The batteries 6 representing the electrical energy store of the
VTOL aircraft 1 can also be configured to be field-replaceable for
ease of maintenance. Thus, a VTOL aircraft could carry one or more
spare batteries 6', 6'' that can be swapped with a failed or
failing battery 6 in the field during a mission without requiring a
maintenance facility.
[0049] The previously discussed propulsion systems can be applied
to numerous types of aircraft markets. In a preferred embodiment,
the propulsion systems can be directly applicable to rotary wing
and fixed wing aircraft markets.
[0050] For example, general aviation (e.g., personal, light
business, executive business, public safety, light military, light
charter, and light cargo class with 1-14 total seats or at least
3'500 lbs payload) aircraft would benefit from such designs by
reducing noise, emissions, or other undesirable characteristics.
Additionally, unmanned aviation with a gross weight of less than
20'000 lbs could leverage the disclosed techniques.
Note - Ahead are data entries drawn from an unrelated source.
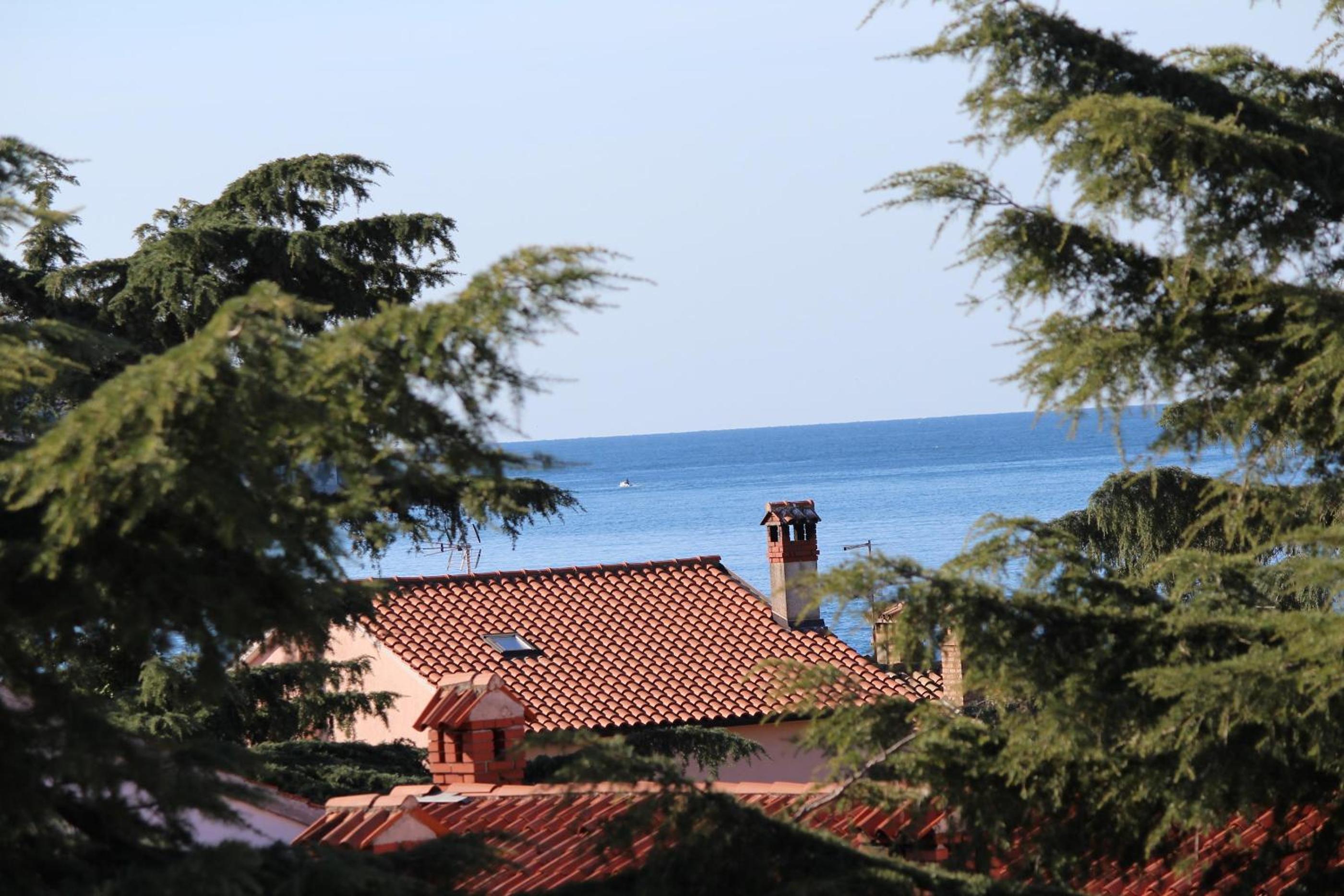 One Bedroom Apartment with Sea View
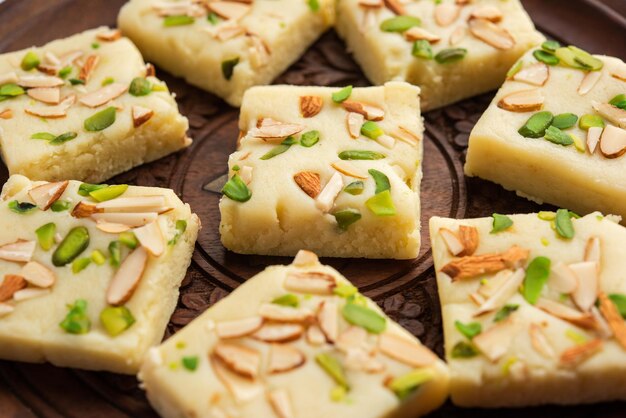 Malai Barfi - Just Veggie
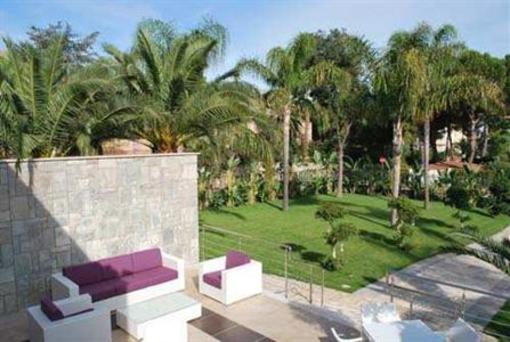 фото отеля Colonna Residence Trani
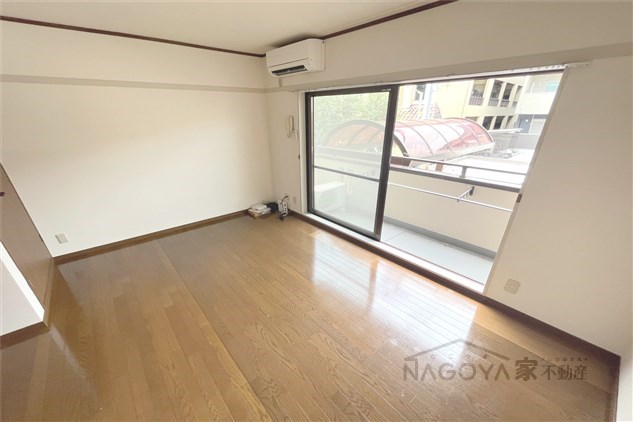 ヒルズ山花 リビング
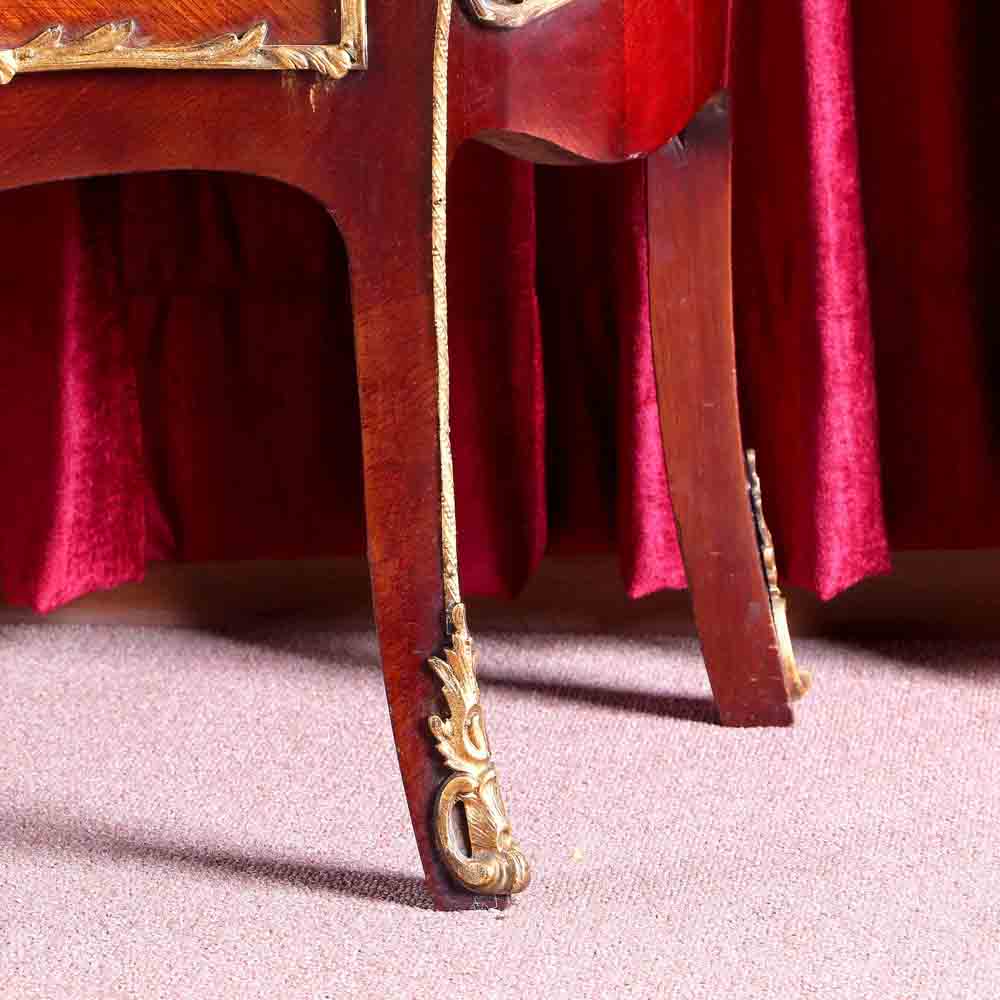 法國路易十五華鐸畫風Vernis Martin鎏金雙門展示櫃:圖片 10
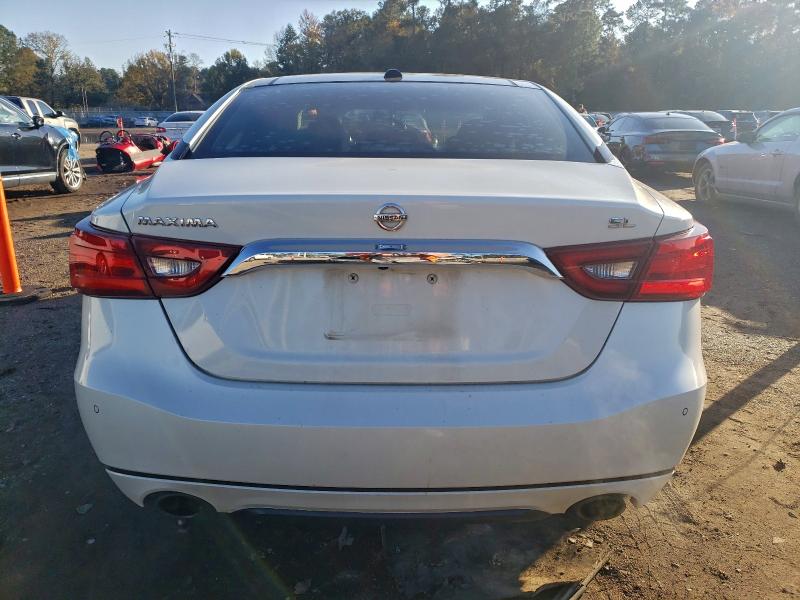 Фото 6 - NISSAN MAXIMA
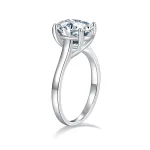 Moissanite Solitaire 2.5carat Oval Diamond Ring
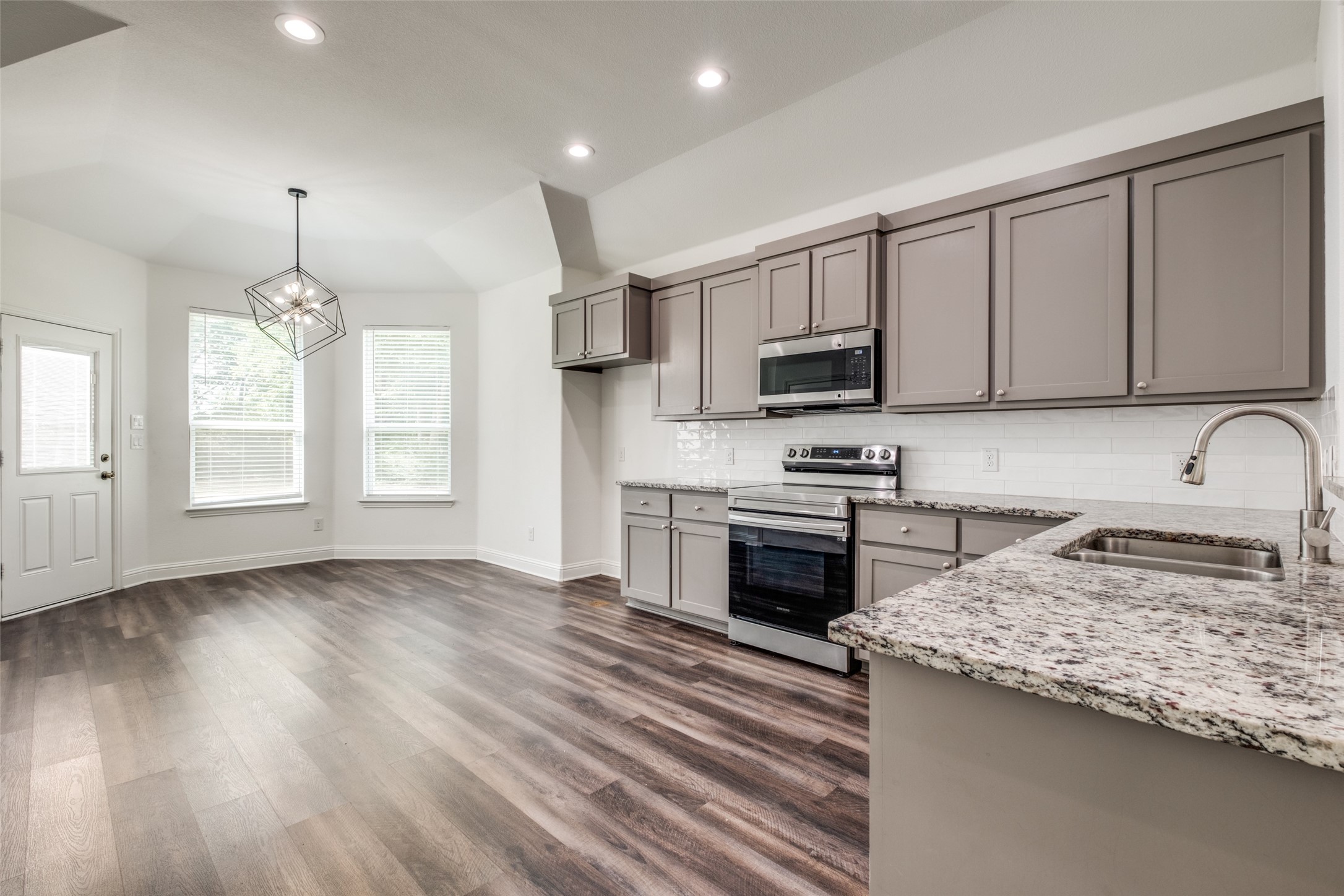 2918 Morgan Drive Dallas TX 75241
[0051] One should appreciate that many other configurations for a
driveline are possible, all of which are contemplated. Furthermore,
one should note that the drivelines can lack cross shafts coupling
the motors to the propeller, or lack a shifting gearbox as is
typical in traditional combustion-based designs of efficient tilt
propellers as opposed to inefficient tilt propeller aircraft (e.g.,
the V-22).
[0052] Combining the approaches outlined above for propulsion
systems and drivelines confers many abilities or capabilities to
the inventive E-VTOL aircraft 1. By providing the ability to safely
achieve HOGE while under electrical power, contemplated E-VTOL
aircraft 1 can be used or otherwise operate in built-up or
populated arenas. The aircraft 1 has low levels of noise and low
level emissions. An all-electric, quiet vertical propulsion system
simply produces no unacceptable location emissions during vertical
flight regime or initial climb.
[0053] An E-VTOL aircraft 1 based on the disclosed systems can
provide for a market-viable purebred all-battery configuration,
where the aircraft can have a range in excess of 200 nm with a
vertical ascent within three minutes. Such an aircraft can also
have descent and powered vertical landing reserves of at least one
minute.
[0054] A heavy hybrid having a battery-only range in excess of 50
nm could operate locally to and from a logistically unsupported
base. These bases are expected to provide electrical recharge
energy to recharge the heavy hybrid's batteries.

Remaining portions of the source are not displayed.